Would you want to sign that slip? Parents in the St. Louis Park School District are weighing that one right now. After a tragic landslide killed two fourth graders during a school fossil hunting field trip last school year, the district is looking to protect itself.

So they sent home a permission slip to parents this year that states:

We understand the arrangements described above and believe the necessary precautions and plans for the care and supervision of students during the field trip will be taken. Beyond this we will not hold the school or those supervising the trip responsible.

So, basically the school is saying "your kids COULD die on our field trip, but don't sue us because we're really not responsible!" How ... comforting?
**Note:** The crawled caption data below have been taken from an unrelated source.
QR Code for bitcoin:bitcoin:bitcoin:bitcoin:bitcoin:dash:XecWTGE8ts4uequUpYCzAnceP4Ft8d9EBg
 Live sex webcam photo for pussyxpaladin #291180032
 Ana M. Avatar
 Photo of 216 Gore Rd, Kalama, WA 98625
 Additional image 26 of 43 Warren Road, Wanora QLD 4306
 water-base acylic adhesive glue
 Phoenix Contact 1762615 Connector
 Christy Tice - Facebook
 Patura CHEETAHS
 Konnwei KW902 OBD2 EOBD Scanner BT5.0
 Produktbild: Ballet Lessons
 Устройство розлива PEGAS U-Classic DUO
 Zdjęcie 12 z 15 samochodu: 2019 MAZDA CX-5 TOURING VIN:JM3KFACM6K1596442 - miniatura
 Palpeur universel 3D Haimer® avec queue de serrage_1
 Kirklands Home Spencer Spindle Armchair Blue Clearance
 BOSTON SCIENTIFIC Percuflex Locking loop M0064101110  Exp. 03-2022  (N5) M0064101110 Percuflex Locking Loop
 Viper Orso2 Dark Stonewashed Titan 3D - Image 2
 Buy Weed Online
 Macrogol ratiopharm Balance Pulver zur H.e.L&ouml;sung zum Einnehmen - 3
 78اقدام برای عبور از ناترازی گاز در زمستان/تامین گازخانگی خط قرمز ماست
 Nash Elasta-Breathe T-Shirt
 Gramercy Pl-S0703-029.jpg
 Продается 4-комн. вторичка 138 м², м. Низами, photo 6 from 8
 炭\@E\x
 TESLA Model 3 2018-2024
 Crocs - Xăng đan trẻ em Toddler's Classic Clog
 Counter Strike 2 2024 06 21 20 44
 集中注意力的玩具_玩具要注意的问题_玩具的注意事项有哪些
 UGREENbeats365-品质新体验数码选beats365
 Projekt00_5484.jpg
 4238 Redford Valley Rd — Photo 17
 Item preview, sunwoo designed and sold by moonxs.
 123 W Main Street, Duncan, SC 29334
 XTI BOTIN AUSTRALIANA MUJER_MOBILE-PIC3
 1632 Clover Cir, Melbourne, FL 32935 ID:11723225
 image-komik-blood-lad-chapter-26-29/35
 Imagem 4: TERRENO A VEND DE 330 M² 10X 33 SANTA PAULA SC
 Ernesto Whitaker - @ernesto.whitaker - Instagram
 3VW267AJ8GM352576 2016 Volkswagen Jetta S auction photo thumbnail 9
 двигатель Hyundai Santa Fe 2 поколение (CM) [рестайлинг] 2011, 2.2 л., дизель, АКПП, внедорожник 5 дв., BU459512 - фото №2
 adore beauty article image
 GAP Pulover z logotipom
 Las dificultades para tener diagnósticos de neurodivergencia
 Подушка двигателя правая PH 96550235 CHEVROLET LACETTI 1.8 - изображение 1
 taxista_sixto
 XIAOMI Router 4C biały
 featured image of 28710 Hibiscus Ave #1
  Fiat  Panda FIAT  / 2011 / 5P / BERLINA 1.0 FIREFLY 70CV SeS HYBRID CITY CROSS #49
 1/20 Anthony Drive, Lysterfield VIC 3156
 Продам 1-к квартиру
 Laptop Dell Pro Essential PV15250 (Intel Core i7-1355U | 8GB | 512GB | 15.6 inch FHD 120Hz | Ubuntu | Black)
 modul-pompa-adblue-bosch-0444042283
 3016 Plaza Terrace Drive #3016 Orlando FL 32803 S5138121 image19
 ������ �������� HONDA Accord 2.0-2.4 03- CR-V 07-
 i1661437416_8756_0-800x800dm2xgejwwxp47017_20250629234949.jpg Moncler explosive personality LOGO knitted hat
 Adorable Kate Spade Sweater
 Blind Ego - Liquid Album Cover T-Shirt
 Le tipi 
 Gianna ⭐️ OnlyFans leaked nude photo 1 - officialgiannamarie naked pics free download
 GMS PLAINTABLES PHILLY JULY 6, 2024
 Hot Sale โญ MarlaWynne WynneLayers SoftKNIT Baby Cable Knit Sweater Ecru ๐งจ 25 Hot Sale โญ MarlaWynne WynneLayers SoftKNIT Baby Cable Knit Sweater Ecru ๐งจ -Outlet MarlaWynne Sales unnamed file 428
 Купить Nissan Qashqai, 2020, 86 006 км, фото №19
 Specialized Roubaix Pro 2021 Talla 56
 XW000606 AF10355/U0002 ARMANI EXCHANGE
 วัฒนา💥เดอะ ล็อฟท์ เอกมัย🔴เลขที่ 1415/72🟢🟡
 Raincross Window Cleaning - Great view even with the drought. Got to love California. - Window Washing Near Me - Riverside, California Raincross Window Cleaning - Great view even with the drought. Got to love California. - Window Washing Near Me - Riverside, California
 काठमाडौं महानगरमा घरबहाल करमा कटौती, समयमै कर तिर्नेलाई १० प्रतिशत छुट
Every time your kid leaves your sight, you have to know something could go wrong. I don't mean to sound like a cynic here, but that's life.

The bus could crash. They could develop a sudden deadly allergy to bee stings. The ceiling could cave in.

I could continue to list the things that could go wrong, but really, why work ourselves up? We know it could happen, but part of being a mom is knowing that we have to suck it up and risk it if we want our kids to live full lives. We can't put kids in bubbles.

Still, with all that said, we should be able to send our kids to school activities with at least some sense that they'll be OK, that the school has their best interests at heart. A permission slip like this does the opposite. It tells the parents that the school cares about its bottom line first, the kids second.

I don't know that I could sign a permission slip like this.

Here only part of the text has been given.